▶ _How to complete this task_:
Produce an exact copy of the lines from the line containing "Cute Rabbit Sleeping in Autumn Leaves" through the last line of the listing below, both ends included, and nothing else.
● ● ● ● ● ● ●
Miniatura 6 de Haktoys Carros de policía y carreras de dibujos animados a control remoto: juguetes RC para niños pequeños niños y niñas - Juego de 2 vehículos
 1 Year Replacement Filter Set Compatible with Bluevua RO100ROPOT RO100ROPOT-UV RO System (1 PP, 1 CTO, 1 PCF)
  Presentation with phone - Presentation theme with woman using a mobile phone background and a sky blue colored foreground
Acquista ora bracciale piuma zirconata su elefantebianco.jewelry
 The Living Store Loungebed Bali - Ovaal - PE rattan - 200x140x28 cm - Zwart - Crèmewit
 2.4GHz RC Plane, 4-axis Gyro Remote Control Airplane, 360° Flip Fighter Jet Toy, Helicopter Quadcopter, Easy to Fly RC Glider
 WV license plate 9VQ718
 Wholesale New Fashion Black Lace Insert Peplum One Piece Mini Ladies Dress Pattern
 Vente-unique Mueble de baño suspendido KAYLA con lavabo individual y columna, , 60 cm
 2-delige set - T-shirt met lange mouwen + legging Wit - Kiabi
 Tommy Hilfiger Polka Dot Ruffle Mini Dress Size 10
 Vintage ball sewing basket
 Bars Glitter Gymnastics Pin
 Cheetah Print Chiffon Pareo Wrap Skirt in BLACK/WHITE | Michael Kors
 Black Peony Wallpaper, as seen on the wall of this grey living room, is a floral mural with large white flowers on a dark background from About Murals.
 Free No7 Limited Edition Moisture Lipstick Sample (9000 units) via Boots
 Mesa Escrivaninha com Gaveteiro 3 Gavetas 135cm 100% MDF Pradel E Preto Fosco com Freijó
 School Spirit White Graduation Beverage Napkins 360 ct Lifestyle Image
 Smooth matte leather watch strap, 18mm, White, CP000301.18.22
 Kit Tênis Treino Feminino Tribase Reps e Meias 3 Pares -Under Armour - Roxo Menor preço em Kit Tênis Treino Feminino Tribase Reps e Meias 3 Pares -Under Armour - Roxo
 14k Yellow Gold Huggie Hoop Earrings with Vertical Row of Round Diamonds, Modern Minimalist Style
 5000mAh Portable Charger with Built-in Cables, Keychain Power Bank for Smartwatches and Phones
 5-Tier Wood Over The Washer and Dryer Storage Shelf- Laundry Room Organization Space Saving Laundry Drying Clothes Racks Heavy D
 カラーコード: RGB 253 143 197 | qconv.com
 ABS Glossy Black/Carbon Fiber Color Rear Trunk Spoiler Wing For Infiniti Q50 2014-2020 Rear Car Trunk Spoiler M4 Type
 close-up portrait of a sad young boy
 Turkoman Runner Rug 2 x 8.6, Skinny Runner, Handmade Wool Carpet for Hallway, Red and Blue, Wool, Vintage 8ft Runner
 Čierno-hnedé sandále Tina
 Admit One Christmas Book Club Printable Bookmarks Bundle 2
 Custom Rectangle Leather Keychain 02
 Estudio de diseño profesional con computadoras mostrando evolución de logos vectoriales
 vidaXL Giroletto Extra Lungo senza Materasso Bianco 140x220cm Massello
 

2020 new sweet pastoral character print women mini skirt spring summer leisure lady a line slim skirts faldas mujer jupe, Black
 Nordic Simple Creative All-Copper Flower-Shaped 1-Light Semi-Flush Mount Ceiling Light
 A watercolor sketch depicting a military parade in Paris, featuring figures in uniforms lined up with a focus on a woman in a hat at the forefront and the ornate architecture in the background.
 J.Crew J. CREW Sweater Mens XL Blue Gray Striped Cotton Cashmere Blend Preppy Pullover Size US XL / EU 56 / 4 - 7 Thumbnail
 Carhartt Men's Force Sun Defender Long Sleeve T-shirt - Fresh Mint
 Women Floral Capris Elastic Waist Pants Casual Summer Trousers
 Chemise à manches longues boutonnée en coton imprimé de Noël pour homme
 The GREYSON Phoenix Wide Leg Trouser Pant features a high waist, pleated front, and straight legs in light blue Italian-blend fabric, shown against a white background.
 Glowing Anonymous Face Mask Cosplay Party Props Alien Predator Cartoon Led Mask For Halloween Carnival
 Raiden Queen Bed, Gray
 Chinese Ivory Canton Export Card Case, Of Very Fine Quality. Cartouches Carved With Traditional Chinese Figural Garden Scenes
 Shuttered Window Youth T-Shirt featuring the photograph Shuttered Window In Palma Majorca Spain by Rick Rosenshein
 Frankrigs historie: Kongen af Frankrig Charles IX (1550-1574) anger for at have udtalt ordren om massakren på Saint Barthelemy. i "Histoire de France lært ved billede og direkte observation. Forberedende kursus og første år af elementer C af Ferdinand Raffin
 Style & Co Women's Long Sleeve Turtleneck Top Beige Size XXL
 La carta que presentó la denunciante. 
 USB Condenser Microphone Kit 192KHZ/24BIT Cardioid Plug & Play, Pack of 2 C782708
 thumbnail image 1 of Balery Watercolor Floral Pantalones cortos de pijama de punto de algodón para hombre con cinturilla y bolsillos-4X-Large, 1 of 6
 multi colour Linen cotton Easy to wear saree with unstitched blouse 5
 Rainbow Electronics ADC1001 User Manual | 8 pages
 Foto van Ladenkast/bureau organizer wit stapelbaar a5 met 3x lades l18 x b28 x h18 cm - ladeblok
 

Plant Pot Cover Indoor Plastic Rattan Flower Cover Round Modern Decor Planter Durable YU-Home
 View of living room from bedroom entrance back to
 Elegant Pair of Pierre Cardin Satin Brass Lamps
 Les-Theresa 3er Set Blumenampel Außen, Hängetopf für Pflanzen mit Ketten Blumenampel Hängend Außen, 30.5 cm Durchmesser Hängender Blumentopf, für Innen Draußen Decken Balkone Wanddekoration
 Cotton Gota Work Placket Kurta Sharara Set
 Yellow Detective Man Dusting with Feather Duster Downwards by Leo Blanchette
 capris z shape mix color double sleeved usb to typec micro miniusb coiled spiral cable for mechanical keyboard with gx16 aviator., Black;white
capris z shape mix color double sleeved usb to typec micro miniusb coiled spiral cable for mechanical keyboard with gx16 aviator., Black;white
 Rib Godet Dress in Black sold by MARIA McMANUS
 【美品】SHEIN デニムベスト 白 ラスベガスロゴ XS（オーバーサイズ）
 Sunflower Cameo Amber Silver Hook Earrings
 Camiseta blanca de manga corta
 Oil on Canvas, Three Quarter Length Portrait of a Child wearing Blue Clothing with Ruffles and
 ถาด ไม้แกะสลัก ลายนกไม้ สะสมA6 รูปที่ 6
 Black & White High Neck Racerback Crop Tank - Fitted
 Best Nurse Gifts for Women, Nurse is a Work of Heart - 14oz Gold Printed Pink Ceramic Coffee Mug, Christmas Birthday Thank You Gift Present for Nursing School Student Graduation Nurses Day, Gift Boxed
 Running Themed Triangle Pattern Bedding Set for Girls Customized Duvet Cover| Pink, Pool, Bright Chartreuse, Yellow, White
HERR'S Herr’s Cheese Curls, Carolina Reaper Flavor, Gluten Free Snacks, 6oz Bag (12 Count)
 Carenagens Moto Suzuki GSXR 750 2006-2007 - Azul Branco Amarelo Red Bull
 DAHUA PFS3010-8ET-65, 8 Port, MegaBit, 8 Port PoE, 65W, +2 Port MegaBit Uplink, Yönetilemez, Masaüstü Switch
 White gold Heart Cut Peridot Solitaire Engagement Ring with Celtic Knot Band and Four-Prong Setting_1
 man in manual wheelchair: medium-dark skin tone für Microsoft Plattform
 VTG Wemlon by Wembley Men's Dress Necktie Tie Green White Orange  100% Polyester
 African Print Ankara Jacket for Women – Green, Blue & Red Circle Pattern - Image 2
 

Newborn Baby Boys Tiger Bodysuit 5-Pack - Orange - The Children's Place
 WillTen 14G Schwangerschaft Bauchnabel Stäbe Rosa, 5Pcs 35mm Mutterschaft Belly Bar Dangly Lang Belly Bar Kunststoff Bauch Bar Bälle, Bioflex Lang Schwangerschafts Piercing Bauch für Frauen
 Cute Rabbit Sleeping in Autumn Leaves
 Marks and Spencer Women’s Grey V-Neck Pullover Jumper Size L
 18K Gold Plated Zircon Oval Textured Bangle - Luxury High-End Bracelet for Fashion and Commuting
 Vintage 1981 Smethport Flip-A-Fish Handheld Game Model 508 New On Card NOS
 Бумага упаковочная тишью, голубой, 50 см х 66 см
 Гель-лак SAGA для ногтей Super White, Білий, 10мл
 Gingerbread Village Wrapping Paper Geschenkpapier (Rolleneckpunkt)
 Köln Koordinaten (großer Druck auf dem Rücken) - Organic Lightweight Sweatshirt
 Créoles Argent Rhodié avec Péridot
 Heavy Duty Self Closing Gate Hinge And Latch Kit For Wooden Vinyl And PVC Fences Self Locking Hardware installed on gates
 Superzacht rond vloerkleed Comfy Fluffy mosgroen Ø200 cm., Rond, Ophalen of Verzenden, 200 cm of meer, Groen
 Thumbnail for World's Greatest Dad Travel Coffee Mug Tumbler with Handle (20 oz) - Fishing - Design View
● ● ● ● ● ● ●
▶ _Answer box_:
 Cute Rabbit Sleeping in Autumn Leaves
 Marks and Spencer Women’s Grey V-Neck Pullover Jumper Size L
 18K Gold Plated Zircon Oval Textured Bangle - Luxury High-End Bracelet for Fashion and Commuting
 Vintage 1981 Smethport Flip-A-Fish Handheld Game Model 508 New On Card NOS
 Бумага упаковочная тишью, голубой, 50 см х 66 см
 Гель-лак SAGA для ногтей Super White, Білий, 10мл
 Gingerbread Village Wrapping Paper Geschenkpapier (Rolleneckpunkt)
 Köln Koordinaten (großer Druck auf dem Rücken) - Organic Lightweight Sweatshirt
 Créoles Argent Rhodié avec Péridot
 Heavy Duty Self Closing Gate Hinge And Latch Kit For Wooden Vinyl And PVC Fences Self Locking Hardware installed on gates
 Superzacht rond vloerkleed Comfy Fluffy mosgroen Ø200 cm., Rond, Ophalen of Verzenden, 200 cm of meer, Groen
 Thumbnail for World's Greatest Dad Travel Coffee Mug Tumbler with Handle (20 oz) - Fishing - Design View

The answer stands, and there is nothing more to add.